Еоть в «Котловане» и пророчества, близкие по смыслу чевенгурским. В сцене раскулачивания поражает смелостью реплика одного из крестьян.
«Ликвидировали?! — сказал он из снега. — Глядите, нынче меня нету, а завтра вас не будет. Так и выйдет, что в социализм придет один ваш главный человек!»
В произведениях Платонова мастерски вскрыт механизм мифологизации сознания всех слоев общества, не только пролетариата, но и крестьянства. Писатель сочувствовал народу, попавшему в плен «идеи», видел в этом не вину его, а беду. Свою позицию он выразил словами кузнеца Сотых, который считал коммунистов хорошими людьми, но странными: «как будто ничего человек, а действует против простого народа». Платонов не видел злонамеренности в действиях коммунистов, уничтожавших крестьянство. Он понимал опасность идеологического микроба, поразившего податливую русскую почву, населенную народом, склонным к мечте о «грядущем царстве правды». Политический лозунг, обещающий через несколько лет райскую жизнь, заменил отринутого Бога, и лозунгу этому самозабвенно верили.

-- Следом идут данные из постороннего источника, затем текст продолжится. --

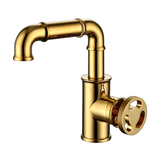  Vòi chậu lavabo ống nước - MT007-1 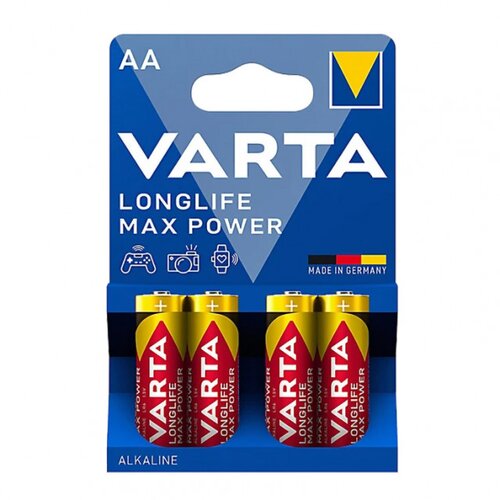 Varta Baterija LR6 Max Tech AA 1/4 Cene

В изображении платоновских героев нашли отражение многочисленные авторские интенции, порой скрытые от самого писателя. Тексты его произведений насыщены периодическими возвратами, пародийностью, повторяющимися приемами, лейтмотивами. В критике неоднократно указывалось на роль образа — символа дороги в художественной системе писателя. Почти все герои Платонова отправляются в путь искать «смысл существования». Характерно, что персонажи социальных утопий отчасти пародируют движение «сокровенных» героев. И Вощев, и Дванов бредут по дороге, приближаясь не к истине, а к смерти. «Одна открытая дорога», но которой отправился Вощев, ведет только в одно место — к котловану. Котлован в повести — овеществленная метафора строительства социализма, модель общественной структуры эпохи коллективизации, когда все силы были направлены на строительство «общего пролетарского дома», когда рабочие трудились до изнурения, забыв себя, а крестьяне, уцелевшие от голодной смерти, покидали родные места в поисках случайного заработка.